Patients on the drug who had a slightly elevated mortality.

But there was, after accounting for sampling variability, there was no

clear conclusion that mortality was increased or decreased by the drug.

So the end result, and this was a,

a reasonably powered study to detect an interesting reduction in mortality.

And the result was that there was no association found between

mortality and the drug.

So could this death and treatment association been confounded by sex?

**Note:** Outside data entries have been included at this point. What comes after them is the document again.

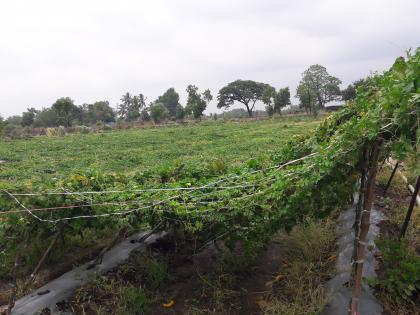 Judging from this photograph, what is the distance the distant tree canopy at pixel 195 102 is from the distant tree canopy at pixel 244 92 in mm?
11537

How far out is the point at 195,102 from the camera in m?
51.1

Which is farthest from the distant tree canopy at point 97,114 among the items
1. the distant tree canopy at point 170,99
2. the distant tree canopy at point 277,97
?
the distant tree canopy at point 277,97

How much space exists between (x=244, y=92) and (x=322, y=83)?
1430 cm

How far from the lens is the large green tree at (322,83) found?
66.4m

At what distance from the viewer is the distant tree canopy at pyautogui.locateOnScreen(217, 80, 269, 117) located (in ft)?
225

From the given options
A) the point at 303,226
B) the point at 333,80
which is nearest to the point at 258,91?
the point at 333,80

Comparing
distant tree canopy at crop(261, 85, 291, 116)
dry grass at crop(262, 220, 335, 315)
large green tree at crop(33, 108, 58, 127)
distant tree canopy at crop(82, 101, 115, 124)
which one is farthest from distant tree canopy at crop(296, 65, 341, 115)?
dry grass at crop(262, 220, 335, 315)

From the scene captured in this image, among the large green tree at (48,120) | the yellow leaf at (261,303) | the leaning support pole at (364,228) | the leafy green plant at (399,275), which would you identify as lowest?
the yellow leaf at (261,303)

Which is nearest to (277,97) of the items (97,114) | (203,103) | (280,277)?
(203,103)

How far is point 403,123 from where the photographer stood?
9.23 feet

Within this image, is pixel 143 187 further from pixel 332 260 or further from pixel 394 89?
pixel 394 89

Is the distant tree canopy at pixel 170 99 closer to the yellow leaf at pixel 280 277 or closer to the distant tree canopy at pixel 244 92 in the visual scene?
the distant tree canopy at pixel 244 92

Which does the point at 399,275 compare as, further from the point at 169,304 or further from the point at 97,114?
the point at 97,114

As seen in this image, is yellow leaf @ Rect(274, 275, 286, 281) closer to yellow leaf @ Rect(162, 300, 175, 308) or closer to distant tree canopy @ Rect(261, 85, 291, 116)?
yellow leaf @ Rect(162, 300, 175, 308) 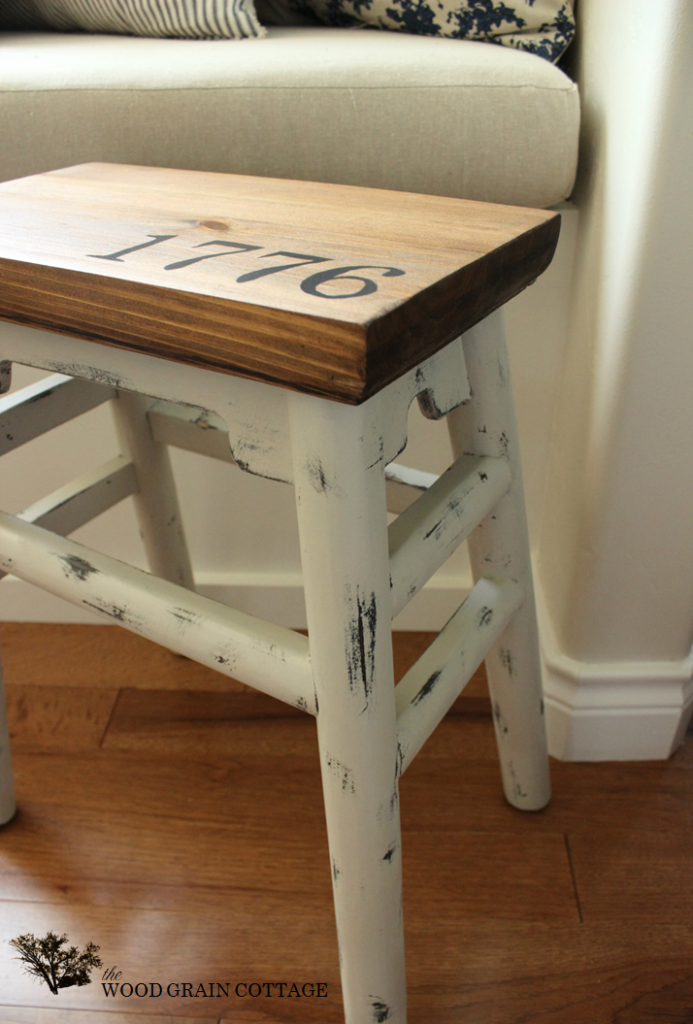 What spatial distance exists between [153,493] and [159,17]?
43 centimetres

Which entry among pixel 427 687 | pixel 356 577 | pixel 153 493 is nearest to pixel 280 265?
pixel 356 577

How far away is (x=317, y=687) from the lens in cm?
46

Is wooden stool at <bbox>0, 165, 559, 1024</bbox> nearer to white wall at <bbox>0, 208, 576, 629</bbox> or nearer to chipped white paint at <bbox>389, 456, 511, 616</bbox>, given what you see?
chipped white paint at <bbox>389, 456, 511, 616</bbox>

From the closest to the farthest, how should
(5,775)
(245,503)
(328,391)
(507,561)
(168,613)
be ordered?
(328,391) → (168,613) → (507,561) → (5,775) → (245,503)

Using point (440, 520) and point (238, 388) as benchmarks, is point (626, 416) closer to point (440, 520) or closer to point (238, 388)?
point (440, 520)

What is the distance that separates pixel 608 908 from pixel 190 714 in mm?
444

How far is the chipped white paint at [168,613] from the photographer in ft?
1.56

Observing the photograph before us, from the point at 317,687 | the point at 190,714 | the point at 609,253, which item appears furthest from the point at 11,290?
the point at 190,714

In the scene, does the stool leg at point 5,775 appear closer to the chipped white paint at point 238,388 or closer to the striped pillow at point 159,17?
the chipped white paint at point 238,388

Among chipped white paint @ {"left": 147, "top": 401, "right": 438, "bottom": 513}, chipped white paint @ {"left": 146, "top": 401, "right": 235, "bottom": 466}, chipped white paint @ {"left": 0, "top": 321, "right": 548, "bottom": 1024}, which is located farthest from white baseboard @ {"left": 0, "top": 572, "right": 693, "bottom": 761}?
chipped white paint @ {"left": 146, "top": 401, "right": 235, "bottom": 466}

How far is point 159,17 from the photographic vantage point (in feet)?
2.49

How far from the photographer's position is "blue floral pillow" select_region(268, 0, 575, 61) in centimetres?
71

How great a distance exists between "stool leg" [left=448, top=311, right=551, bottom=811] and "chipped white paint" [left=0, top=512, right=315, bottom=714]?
0.64 feet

Well, the necessary conditions for that are the outcome of death

and the predictor of treatment would have to both be related to sex.

So, so it's very possible that sex was related to death.

Maybe males were more likely to die with this disease than females or vice versa.

And there's nothing we can do to change that association.

But because, because the treatment was randomized that

should even out the sex distribution between the two groups.

And there shouldn't be any differential in the sex distribution between the DPCA and

placebo groups.

So these are the necessary conditions but hopefully with randomization

by study design we would remove this link here.

Remove the association between.

The exposure and this third variable, sex.

So let's just go over this.

The crude relative risk of death for patients was, we said, was 1.06.

It was not statistically significant.

This was based on the, comparing the overall proportion who died in

the DPCA group to the proportion dying in the placebo group.

So if we went and compared everybody in the DPCA group, whether they died or

not, to everybody in the placebo group, whether they died or

not, to get the relative risk.

Or incidence rate ratio this comparison should not be impacted or distorted or,

or negated by a differing distribution of males and females in the two groups.

And, in fact, in the study,

the majority of enrollees were female, about 70% versus 30% male, and

that was similar distribution in the DPCA and placebo groups.

So that overall association should not be distorted by a differing distribution.

And, in fact, when, if you were to compute the sex-adjusted relative risk,

it was almost equivalent.

To the unadjusted relative risk or

incidence rate ratio, with the, almost exact confidence interval.

So thus far, as we expect, DPCA was not associated with better or worse

patient survival, and as we expect this was not confounded by sex distribution.

And hopefully it was not confounded by any other

variable because of the randomization process.

However, as a researcher I might be curious.

Well, maybe I'm missing something if I analyze every one together,

even if I adjust it and I didn't see any change.

There was no confounding.

That doesn't necessarily mean that the overall relationship between mortality and

DPCA is the same for males and females.

So I might be thinking potentially could the treatment effect mortality differently

for men and women.

And this question is really about a possible interaction between sex and

treatment or in or language of effect modification sex.

Modifying the effect of treatment.

Well, at this point, we can't answer this question because we only have estimates of

one overall association for everyone, unadjusted and adjusted for sex.

But that adjusted comparison compares eh,

it holds for the comparison of males to males and females to females.

And it's the same number, so

long that the sex we're comparing is the same in the two groups.

So what we're going to have to do if we want to investigate whether or

not the relationship between depth.

And, and the treatment is modified by sexes.

We're going to actually have to look at separate associations between

mortality and treatment.

Though if we look at the incidence rate ratio,

I short handed here by calling it a relative risk.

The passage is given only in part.